**Task directions:** Please write out the data below once more, exactly as it stands.

[Recorded data]
....
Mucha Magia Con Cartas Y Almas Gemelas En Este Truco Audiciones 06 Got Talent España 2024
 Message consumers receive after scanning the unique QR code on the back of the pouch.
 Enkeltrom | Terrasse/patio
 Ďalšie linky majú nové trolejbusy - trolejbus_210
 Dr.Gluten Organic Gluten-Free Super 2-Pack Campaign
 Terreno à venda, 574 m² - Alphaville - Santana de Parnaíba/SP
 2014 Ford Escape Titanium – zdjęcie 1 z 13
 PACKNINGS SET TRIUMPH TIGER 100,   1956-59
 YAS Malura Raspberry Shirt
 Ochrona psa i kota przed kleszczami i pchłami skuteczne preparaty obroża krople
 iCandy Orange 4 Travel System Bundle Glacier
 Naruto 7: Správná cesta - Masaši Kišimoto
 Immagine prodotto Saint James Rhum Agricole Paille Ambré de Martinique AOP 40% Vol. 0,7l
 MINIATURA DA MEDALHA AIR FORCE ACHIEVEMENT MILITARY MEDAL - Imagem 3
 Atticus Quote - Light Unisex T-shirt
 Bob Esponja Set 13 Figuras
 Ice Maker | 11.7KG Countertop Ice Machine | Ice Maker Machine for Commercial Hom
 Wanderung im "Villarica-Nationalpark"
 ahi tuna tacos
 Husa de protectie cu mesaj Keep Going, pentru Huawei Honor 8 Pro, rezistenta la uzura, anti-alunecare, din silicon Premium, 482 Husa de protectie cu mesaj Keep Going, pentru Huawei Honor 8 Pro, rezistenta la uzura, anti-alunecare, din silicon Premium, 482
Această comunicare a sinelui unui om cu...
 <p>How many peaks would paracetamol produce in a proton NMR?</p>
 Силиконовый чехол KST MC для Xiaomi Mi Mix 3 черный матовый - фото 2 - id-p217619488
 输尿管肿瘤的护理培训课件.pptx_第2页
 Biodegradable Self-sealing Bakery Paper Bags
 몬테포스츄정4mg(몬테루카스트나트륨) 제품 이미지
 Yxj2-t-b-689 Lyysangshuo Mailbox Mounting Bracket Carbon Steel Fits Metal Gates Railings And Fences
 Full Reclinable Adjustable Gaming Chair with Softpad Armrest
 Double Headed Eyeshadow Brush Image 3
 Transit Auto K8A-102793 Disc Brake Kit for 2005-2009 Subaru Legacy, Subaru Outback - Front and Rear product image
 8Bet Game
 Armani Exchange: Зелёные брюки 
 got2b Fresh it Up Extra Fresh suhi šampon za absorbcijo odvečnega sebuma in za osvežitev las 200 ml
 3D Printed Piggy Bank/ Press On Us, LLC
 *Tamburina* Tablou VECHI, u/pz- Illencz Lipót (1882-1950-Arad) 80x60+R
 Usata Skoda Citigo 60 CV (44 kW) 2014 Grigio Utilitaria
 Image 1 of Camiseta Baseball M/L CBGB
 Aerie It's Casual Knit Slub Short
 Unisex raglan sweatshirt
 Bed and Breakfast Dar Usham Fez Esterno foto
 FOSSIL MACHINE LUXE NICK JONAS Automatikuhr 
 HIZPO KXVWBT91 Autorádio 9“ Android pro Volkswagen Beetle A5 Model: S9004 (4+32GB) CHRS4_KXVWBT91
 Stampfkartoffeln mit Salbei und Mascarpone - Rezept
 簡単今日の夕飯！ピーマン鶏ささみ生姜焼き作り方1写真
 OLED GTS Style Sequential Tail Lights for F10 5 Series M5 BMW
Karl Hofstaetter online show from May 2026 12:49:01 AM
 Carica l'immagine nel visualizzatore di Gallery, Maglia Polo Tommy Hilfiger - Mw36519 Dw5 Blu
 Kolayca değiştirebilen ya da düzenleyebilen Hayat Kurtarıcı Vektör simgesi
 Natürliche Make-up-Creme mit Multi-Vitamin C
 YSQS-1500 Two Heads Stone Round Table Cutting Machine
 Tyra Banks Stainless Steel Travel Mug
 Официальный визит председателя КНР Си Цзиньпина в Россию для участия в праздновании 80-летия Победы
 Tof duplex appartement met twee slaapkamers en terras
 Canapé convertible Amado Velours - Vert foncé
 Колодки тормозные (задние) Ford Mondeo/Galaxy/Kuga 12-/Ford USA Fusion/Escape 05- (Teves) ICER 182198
....
**Answer box:**
Mucha Magia Con Cartas Y Almas Gemelas En Este Truco Audiciones 06 Got Talent España 2024
 Message consumers receive after scanning the unique QR code on the back of the pouch.
 Enkeltrom | Terrasse/patio
 Ďalšie linky majú nové trolejbusy - trolejbus_210
 Dr.Gluten Organic Gluten-Free Super 2-Pack Campaign
 Terreno à venda, 574 m² - Alphaville - Santana de Parnaíba/SP
 2014 Ford Escape Titanium – zdjęcie 1 z 13
 PACKNINGS SET TRIUMPH TIGER 100,   1956-59
 YAS Malura Raspberry Shirt
 Ochrona psa i kota przed kleszczami i pchłami skuteczne preparaty obroża krople
 iCandy Orange 4 Travel System Bundle Glacier
 Naruto 7: Správná cesta - Masaši Kišimoto
 Immagine prodotto Saint James Rhum Agricole Paille Ambré de Martinique AOP 40% Vol. 0,7l
 MINIATURA DA MEDALHA AIR FORCE ACHIEVEMENT MILITARY MEDAL - Imagem 3
 Atticus Quote - Light Unisex T-shirt
 Bob Esponja Set 13 Figuras
 Ice Maker | 11.7KG Countertop Ice Machine | Ice Maker Machine for Commercial Hom
 Wanderung im "Villarica-Nationalpark"
 ahi tuna tacos
 Husa de protectie cu mesaj Keep Going, pentru Huawei Honor 8 Pro, rezistenta la uzura, anti-alunecare, din silicon Premium, 482 Husa de protectie cu mesaj Keep Going, pentru Huawei Honor 8 Pro, rezistenta la uzura, anti-alunecare, din silicon Premium, 482
Această comunicare a sinelui unui om cu...
 <p>How many peaks would paracetamol produce in a proton NMR?</p>
 Силиконовый чехол KST MC для Xiaomi Mi Mix 3 черный матовый - фото 2 - id-p217619488
 输尿管肿瘤的护理培训课件.pptx_第2页
 Biodegradable Self-sealing Bakery Paper Bags
 몬테포스츄정4mg(몬테루카스트나트륨) 제품 이미지
 Yxj2-t-b-689 Lyysangshuo Mailbox Mounting Bracket Carbon Steel Fits Metal Gates Railings And Fences
 Full Reclinable Adjustable Gaming Chair with Softpad Armrest
 Double Headed Eyeshadow Brush Image 3
 Transit Auto K8A-102793 Disc Brake Kit for 2005-2009 Subaru Legacy, Subaru Outback - Front and Rear product image
 8Bet Game
 Armani Exchange: Зелёные брюки 
 got2b Fresh it Up Extra Fresh suhi šampon za absorbcijo odvečnega sebuma in za osvežitev las 200 ml
 3D Printed Piggy Bank/ Press On Us, LLC
 *Tamburina* Tablou VECHI, u/pz- Illencz Lipót (1882-1950-Arad) 80x60+R
 Usata Skoda Citigo 60 CV (44 kW) 2014 Grigio Utilitaria
 Image 1 of Camiseta Baseball M/L CBGB
 Aerie It's Casual Knit Slub Short
 Unisex raglan sweatshirt
 Bed and Breakfast Dar Usham Fez Esterno foto
 FOSSIL MACHINE LUXE NICK JONAS Automatikuhr 
 HIZPO KXVWBT91 Autorádio 9“ Android pro Volkswagen Beetle A5 Model: S9004 (4+32GB) CHRS4_KXVWBT91
 Stampfkartoffeln mit Salbei und Mascarpone - Rezept
 簡単今日の夕飯！ピーマン鶏ささみ生姜焼き作り方1写真
 OLED GTS Style Sequential Tail Lights for F10 5 Series M5 BMW
Karl Hofstaetter online show from May 2026 12:49:01 AM
 Carica l'immagine nel visualizzatore di Gallery, Maglia Polo Tommy Hilfiger - Mw36519 Dw5 Blu
 Kolayca değiştirebilen ya da düzenleyebilen Hayat Kurtarıcı Vektör simgesi
 Natürliche Make-up-Creme mit Multi-Vitamin C
 YSQS-1500 Two Heads Stone Round Table Cutting Machine
 Tyra Banks Stainless Steel Travel Mug
 Официальный визит председателя КНР Си Цзиньпина в Россию для участия в праздновании 80-летия Победы
 Tof duplex appartement met twee slaapkamers en terras
 Canapé convertible Amado Velours - Vert foncé
 Колодки тормозные (задние) Ford Mondeo/Galaxy/Kuga 12-/Ford USA Fusion/Escape 05- (Teves) ICER 182198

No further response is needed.